Kepada anak-anak yang termanis, yang terkasih, yang telah lama hilang dan sekarang telah ditemukan kembali, cinta kasih, salam, dan selamat pagi dari Sang Ibu, Sang Ayah, BapDada. Ayah rohani mengucapkan namaste kepada anak-anak rohani.

Intisari untuk dharna:
1. Milikilah cinta kasih sejati untuk Sang Ayah dan jadilah pembantu-Nya. Jangan pernah kalah oleh Maya dan mencemarkan nama marga. Berupayalah untuk melupakan segalanya yang Anda lihat, termasuk badan Anda sendiri.

2. Milikilah kebahagiaan di dalam diri Anda bahwa Anda akan pergi ke hunian kedamaian dan daratan kebahagiaan. Baba, sebagai Sang Pengajar yang patuh, menjadikan kita layak untuk pulang ke rumah. Jadilah layak dan patuh. Jangan menjadi tidak layak.

Berkah:
Semoga Anda meresapkan kesadaran akan tiga hal dan menjadi pemenang sepenuhnya.

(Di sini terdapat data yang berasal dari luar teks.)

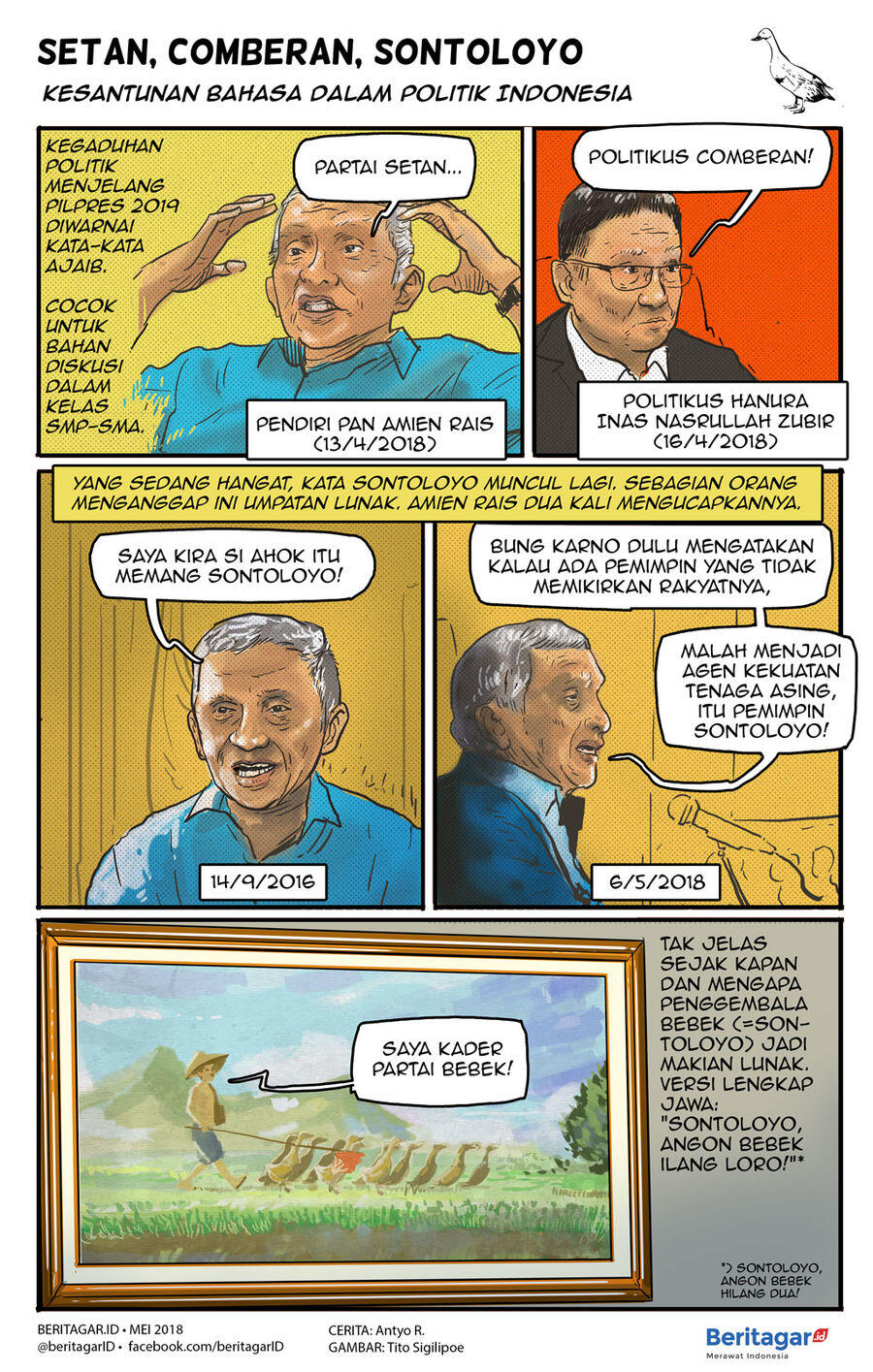 Sontoloyo dan comberan dalam politik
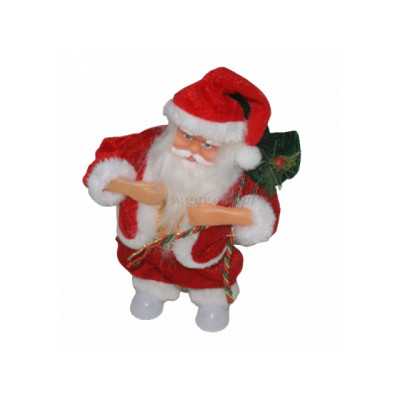 Mikołaj ze świecącymi nogami oraz z dźwiękiem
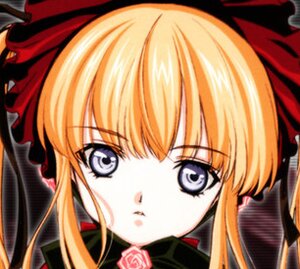 Rating: Safe Score: 0 Tags: 1girl bangs blonde_hair blue_eyes bow face flower image long_hair looking_at_viewer pink_rose portrait red_rose rose shinku solo twintails User: admin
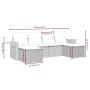 Gartensitzgruppe mit beigen Kissen, 6-teilig, aus PE-Rattan. von , Gartensets - Ref: Foro24-3265560, Preis: 369,32 €, Rabatt: %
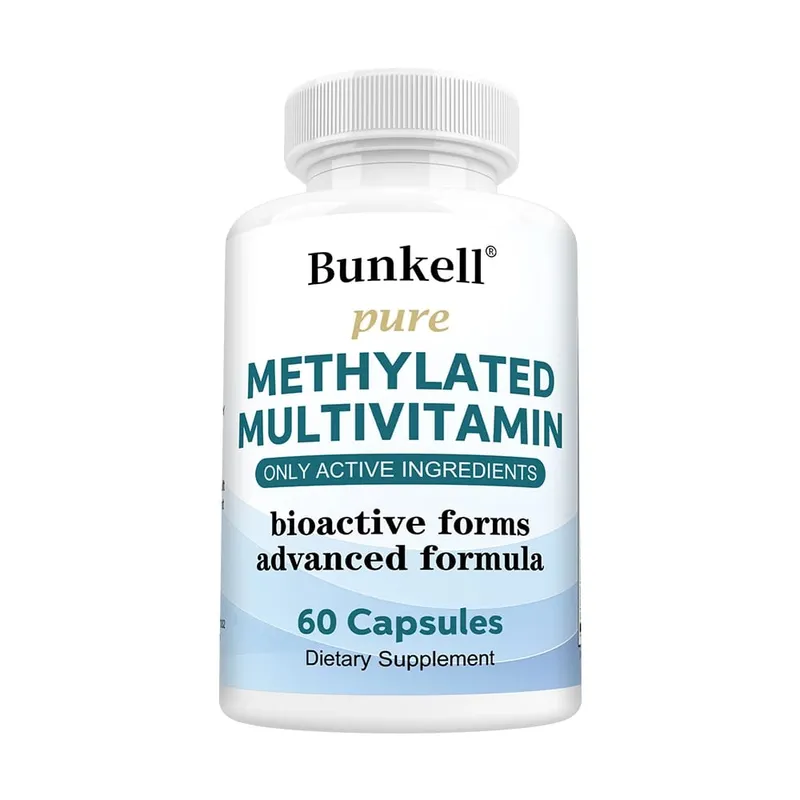 Suplemento multivitamínico metilado de alta potência com vitaminas C D B12 para apoiar a energia e o foco e manter a saúde do coração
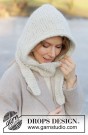 253-60 - Snowflake Hood - strikkepakke thumbnail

Kesadaran akan diri sendiri, kesadaran akan Sang Ayah, dan kesadaran akan pengetahuan tentang drama: perluasan semua pengetahuan menyatu dalam kesadaran akan tiga hal ini. Inilah tiga macam kesadaran dari pohon pengetahuan. Pertama-tama, pohon berupa benih, kemudian dua helai daun tumbuh dari benih tersebut, dan selanjutnya terjadilah perluasan dari pohon itu. Demikian juga, hal yang utama adalah memiliki kesadaran akan Sang Ayah, Sang Benih, kemudian kesadaran akan dua helai daun, yaitu seluruh pengetahuan tentang sang jiwa dan drama. Mereka yang meresapkan kesadaran akan ketiga hal ini menerima berkah menjadi perwujudan ingatan dan mereka menjadi pemenang sepenuhnya.

Slogan:
Selalu tempatkan pencapaian Anda di hadapan Anda, maka semua kelemahan akan berakhir dengan mudah.